Das Geschehen von Distomo am 10.Juni 1944 ist gut dokumentiert. Es war Gegenstand eines NS-Militärtribunals, weil schon kurz nach dem Massaker bekannt wurde, dass die mörderische Kompanie der 4. SS- Panzergrenadierdivision keineswegs von Bewohnern des Dorfes angegriffen worden war, wie der Kommandant, SS-Hauptsturmführer Fritz Lautenbach, behauptet hatte. An jenem Tag wurde die Einheit nämlich von einem Mann der Geheimen Feldpolizei begleitet. Dieser berichtete, die Kompanie sei zwar von griechischen Widerstandskämpfern attackiert worden, aber viele Kilometer von Distomo entfernt.
Nachdem die SS-Leute die Partisanen aus den Augen verloren hatten, fielen sie über das wehrlose Dorf Distomo her, töteten wahllos Männer und Frauen, auch zwölf Greisinnen von mehr als 70Jahren und vier Säuglinge mit weniger als sechs Monaten. Bei der Untersuchung durch das NS-Militärtribunal gab Hauptsturmführer Lautenbach zu, dass er die üblichen Befehle überschritten habe; er wurde dennoch exkulpiert. Griechische Zeugen wurden nicht gehört.
Das Geschehen von Distomo war lange nur noch in der Erinnerung der Opfer präsent, und allenfalls ein paar Historiker interessierten sich für die alten Akten.
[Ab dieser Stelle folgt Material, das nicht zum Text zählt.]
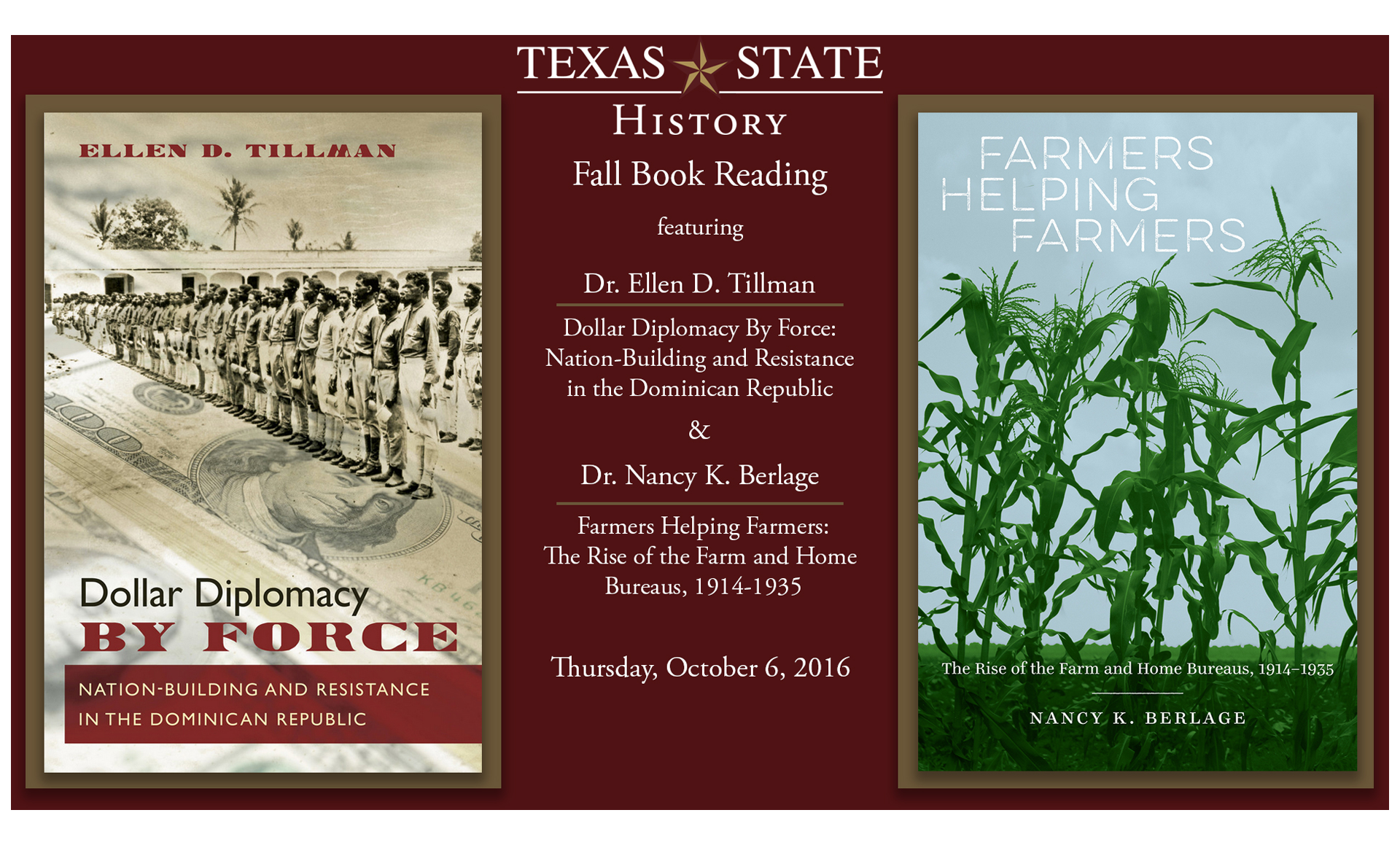 Fall Book Reading, Tillman and Berlage
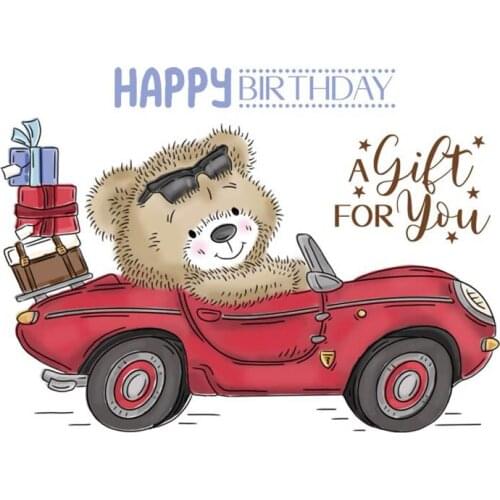 Happy Birthday Bear 3x4 inch Clear Stamps For DIY Scrapbooking HandCraft Paper Cards Transparent Stempels Silicone Seal New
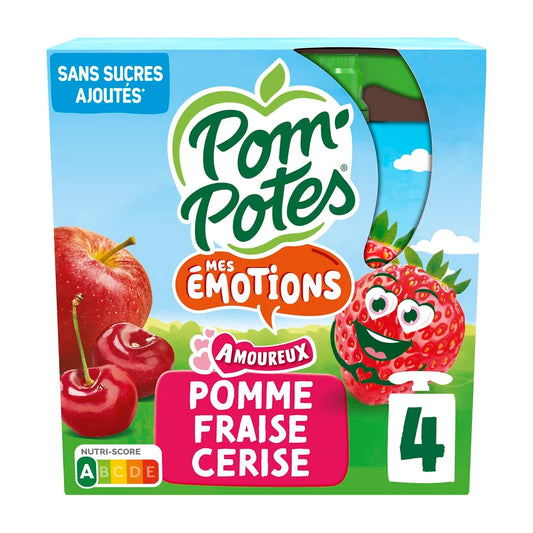 POM'POTES Compotes gourdes Mes émotions Amoureux - pomme Fraise Cerise 4x90g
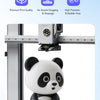 A white and black panda figurine is being printed using a 3D printer setup.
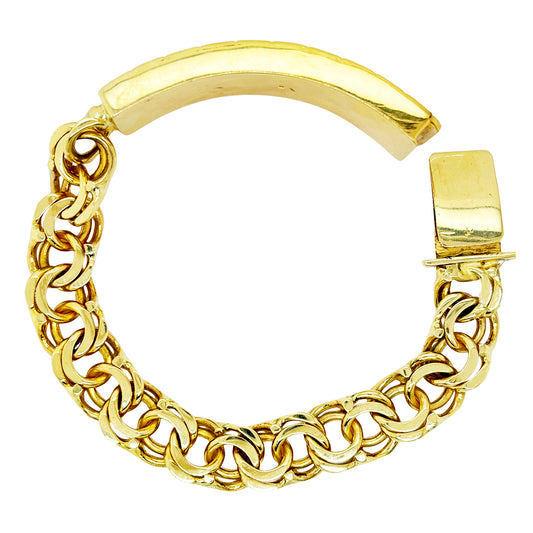 CHINO LINK BRACELET WITH GREEK KEY BORDER ON PLATE 66.90 GM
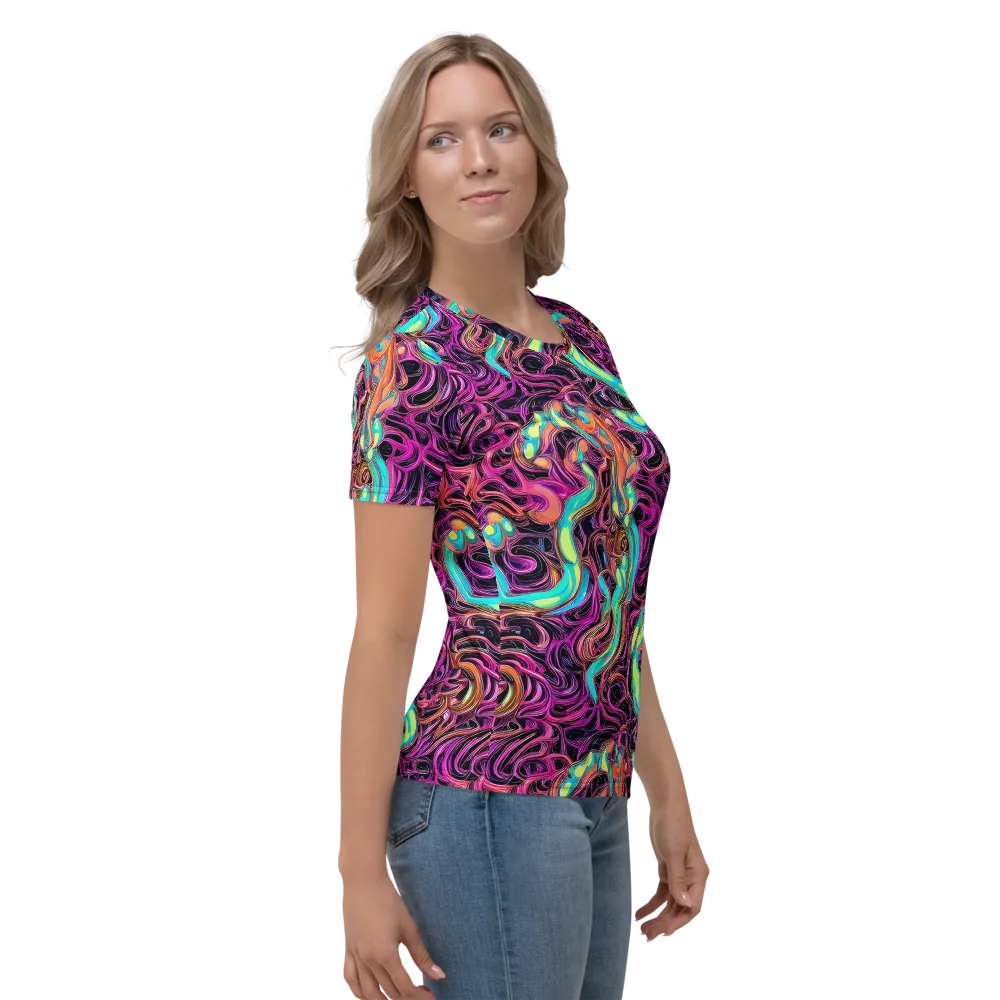 Neon Drizzle on Women's Crew Neck T-Shirt — Right
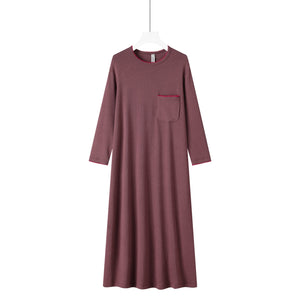 winter cotton rib pocket nightgown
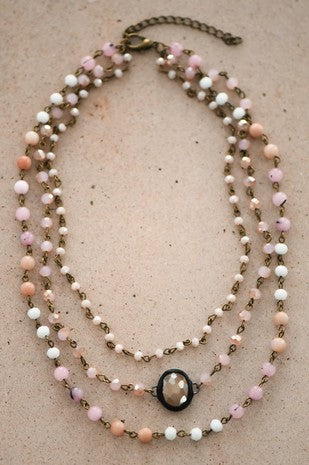 Triple Layered Mixed Glass Bead and Stone Necklace - Pink
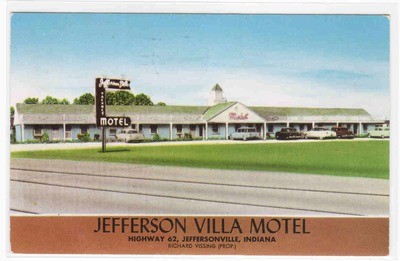 Jefferson Villa Motel Jeffersonville Indiana 1957 postcard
Als erster höchster Repräsentant der Bundesrepublik reiste der frühere Bundespräsident Richard von Weizsäcker 1987 nach Griechenland, um sich vor den Opfern der deutschen Militärherrschaft zu verneigen. Die Angehörigen der Ermordeten hofften, Deutschland werde dieser Geste eine finanzielle Entschädigung folgen lassen.
Aber alle deutschen Regierungen fürchteten einen Präzedenzfall. Regelmäßig wurde auf eine frühere Pauschalentschädigung an Athen verwiesen. Für die Hinterbliebenen aber war dies nicht einmal ein Almosen. So klagten sie, und bekamen zunächst Recht, von einem Landgericht in Livadia, in dessen Bezirk die Ortschaft Distomo liegt. Aber bislang konnten die Kläger die 1997 in Livadia und im Jahr 2000 sogar vom griechischen Areopag, dem höchsten Gericht des Landes, bestätigte Entschädigung von damals 55 Millionen Mark juristisch nicht gegen die Bundesrepublik durchsetzen.
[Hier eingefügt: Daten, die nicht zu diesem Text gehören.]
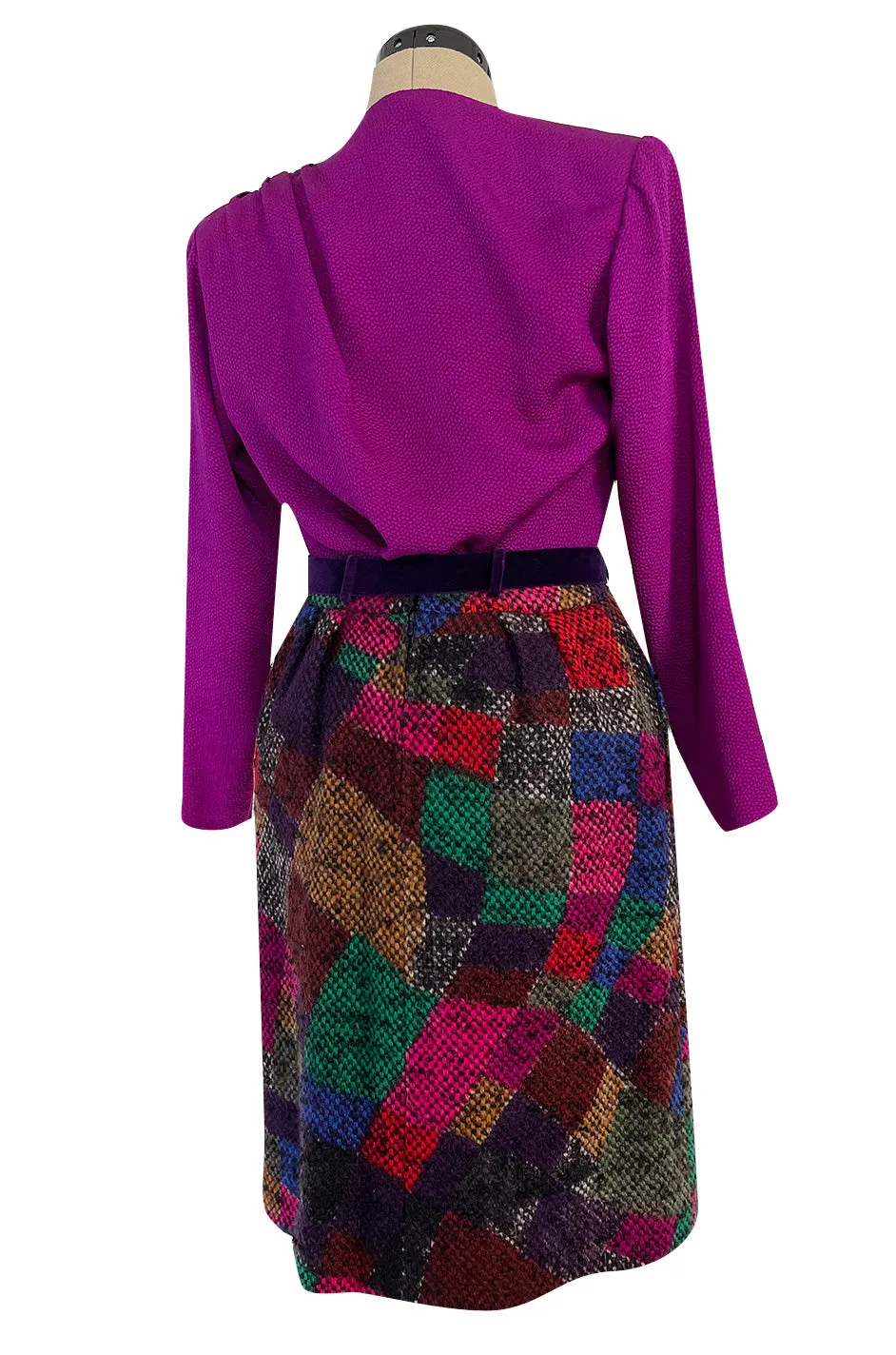 Fall 1991 Ady Couture Lausanne Yves Saint Laurent Haute Couture Copy Wool Patchwork Suit w Silk Top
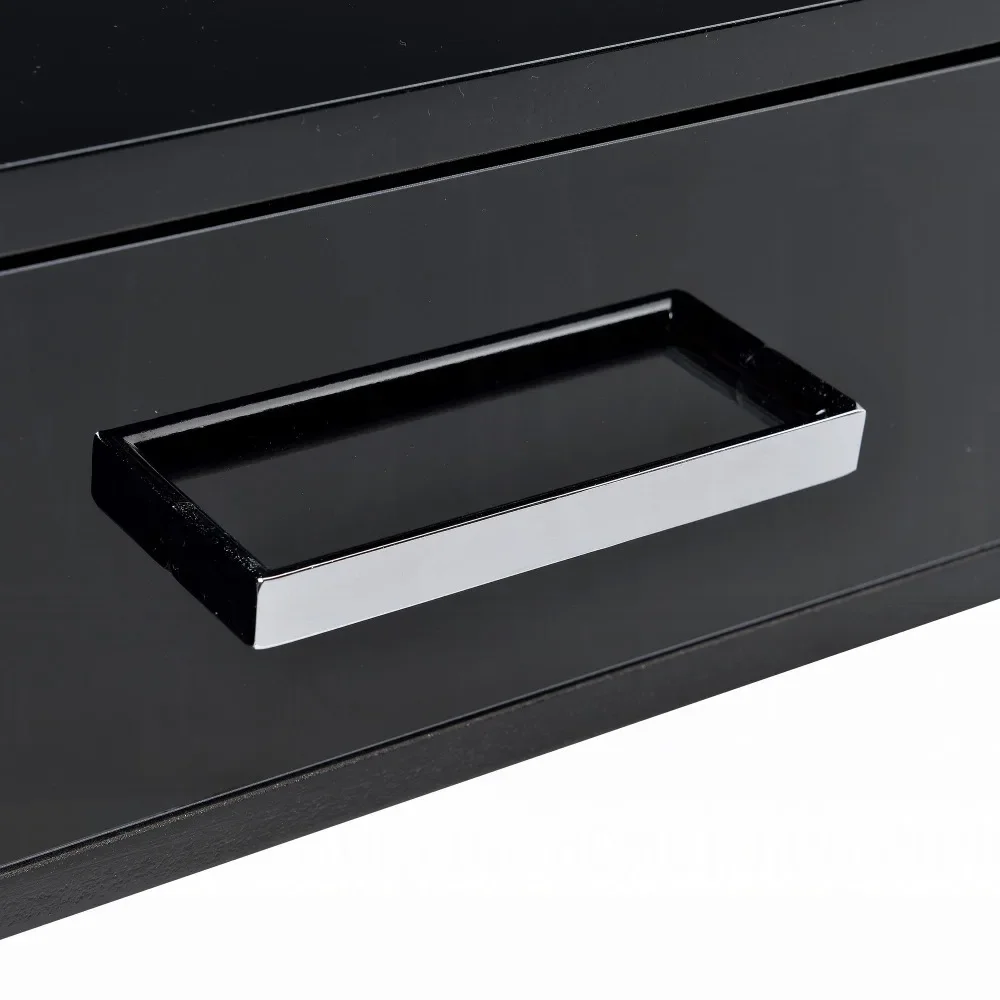 Computer Sit Stand Up Desk, Modern Look While Providing Reliable Stability ,Chrome 2-Drawer Writing Deskit Offers 5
Die Kläger hoffen seitdem auch auf den Europäischen Gerichtshof. Ihr Anwalt Ioannis Stamoulis hat versprochen, irgendwann werde "David gegen Goliath siegen". Stamoulis hat sich beim Europäischen Menschenrechtsgerichtshof über die deutsche Regierung beschwert. Eine zweite Beschwerde richtete er gegen seine eigene Regierung, weil er auch im griechischen Justizministerium mangelndes Interesse sah, die Forderungen einzutreiben.
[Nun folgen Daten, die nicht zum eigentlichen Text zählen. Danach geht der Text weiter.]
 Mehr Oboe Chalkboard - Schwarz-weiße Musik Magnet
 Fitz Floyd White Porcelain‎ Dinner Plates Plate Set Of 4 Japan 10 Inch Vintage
Die Regierung in Athen wünschte sich immer eine außergerichtliche Einigung, schließlich will sie die guten Beziehungen zu Berlin nicht gefährden. Der griechische Außenminister George Papandreou und sein deutscher Kollege Joschka Fischer pflegen betont freundschaftlichen Umgang. Aber für die Wünsche der Bürger aus Distomo sind eher die Finanz- und Justizressorts zuständig. Große Summen erwarten die Hinterbliebenen nicht. Distomo ist heute ein Dorf der Rentner. Die meisten haben nicht mehr lange Zeit zum Kämpfen.